Schwäbische Zeitung (Sigmaringen)
„Ball flach halten“lautet die Devise
Große Koalition will ruhig weiterarbeiten – Südwest-CDU fürchtet um Einfluss in Berlin
BERLIN - „Jetzt mal locker bleiben“, empfiehlt bereits am frühen Morgen der CSU-Verkehrsminister Andreas Scheuer im Morgenmagazin auf die Frage, ob Merkel die Vertrauensfrage stellen muss. „Alles nicht so schlimm“, „einfach eine demokratische Wahl“– in Berlin versuchen SPD und Union, die Wogen zu glätten, während FDP-Chef Christian Lindner wärmstens empfiehlt, Merkel müsse im Parlament die Vertrauensfrage stellen.
Nach dem Sturz Volker Kauders als Fraktionschef bekommt in Berlin die Frage, was nun aus Angela Merkel wird, neuen Auftrieb. Die eigene Fraktion ist ihrer Empfehlung, Kauder wiederzuwählen, nicht gefolgt. Ist ihr die Fraktion entglitten? Der neue Fraktionsvorsitzende Ralph Brinkhaus stellt klar: „Die Fraktion steht hinter Angela Merkel.“Das sei gar keine Frage.
Regierungssprecher Steffen Seibert antwortet in seltener Eindeutigkeit mit „Nein“auf die Frage, ob es für Angela Merkel keine Notwendigkeit gibt, die Vertrauensfrage zu stellen.
Auch die SPD gießt kein Öl ins Feuer. Fraktionschefin Andrea Nahles, so berichtet der Parlamentarische Geschäftsführer Carsten Schneider, habe Volker Kauder am Dienstagnachmittag sofort angerufen und sich für die vertrauensvolle und gute Zusammenarbeit in den letzten Jahren bedankt. Aber auch der neue Fraktionschef Ralph Brinkhaus, so Carsten Schneider, sei „ein absolut seriöser Kollege, belastbar, zuverlässig, Ostwestfale“, der sich zur Großen Koalition bekenne. „Ich bin mir sicher, dass Brinkhaus größtes Interesse hat, dass die Bundesregierung stabil arbeitet“, sagt Schneider. Man solle sich auch nicht verrückt machen lassen. „Die Unionsfraktion hat nicht entschieden, dass sie die Kanzlerin nicht mehr haben will.“
Eigentlich hat sie aber auch nicht entschieden, dass sie Volker Kauder nicht mehr haben will, meinen einige Abgeordnete aus dem Südwesten – sondern ihn zum Sündenbock für die Regierung gemacht. Die CDU des Landes bangt nach dem Verlust ihres mächtigen Fraktionschefs um ihren Einfluss in Berlin. Einig aber sind sich die Großkoalitonäre, lieber in die Zukunft zu schauen. Schon in dieser Woche steht die Grundgesetzänderung für Bildung erstmals auf der Tagesordnung, beim Koalitionsausschuss am kommenden Montag soll über das Einwanderungsgesetz geredet werden. So schnell wie möglich zur Tagesordnung übergehen, das ist die einhellige Devise.

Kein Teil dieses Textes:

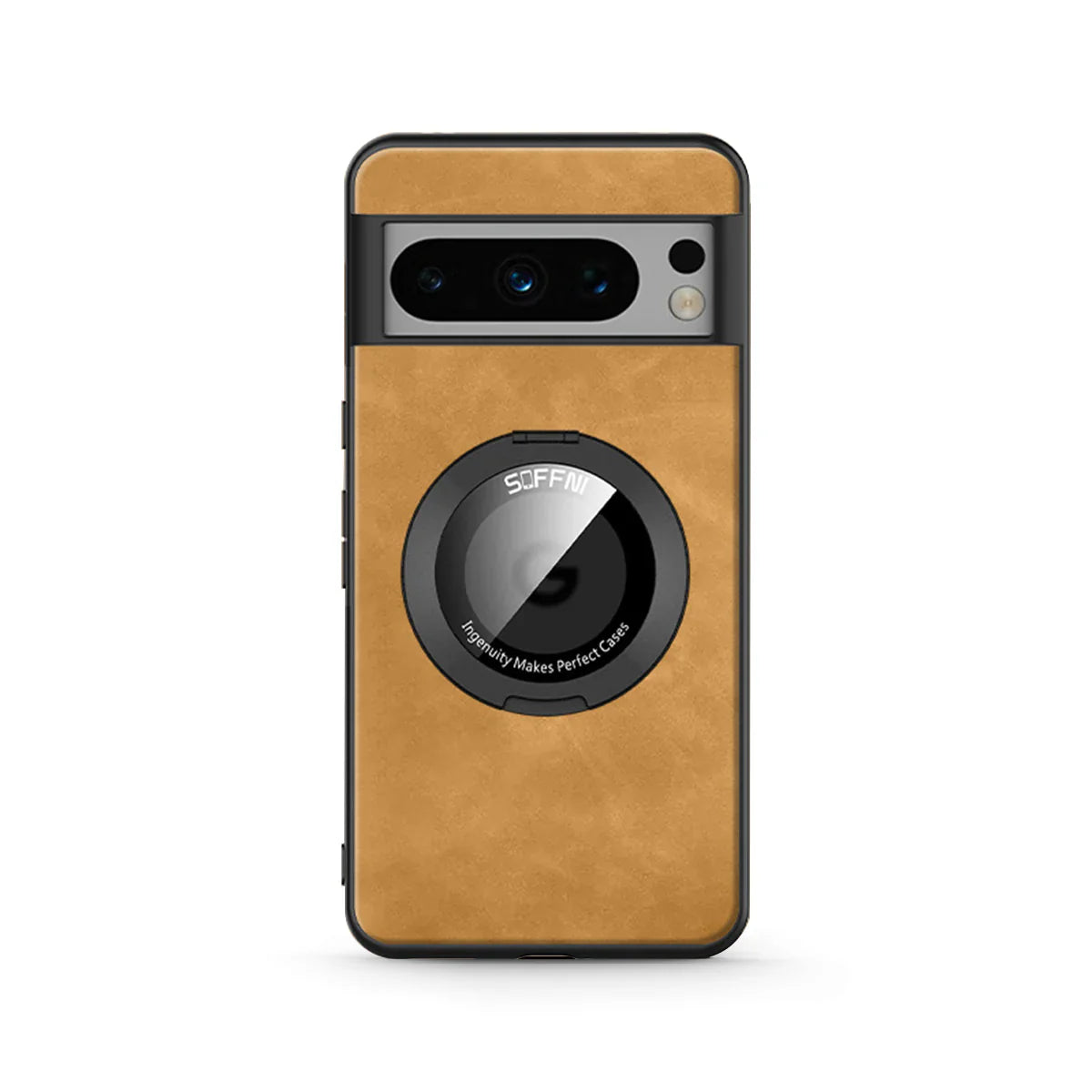 Premium MagSafe Grip Leather Case - Google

Der neue Fraktionschef Ralph Brinkhaus hat unterdessen gesagt, dass er einiges anders machen werde als sein Vorgänger Kauder. Es gehe aber nicht darum, bei Regierungsvorhaben öfter mal Nein zu sagen, sondern bei manchen Fragen etwas kritischer zu diskutieren. Und das, meint CDU-Vize und NRW-Ministerpräsident Armin Laschet, könne der CDU nur gut tun.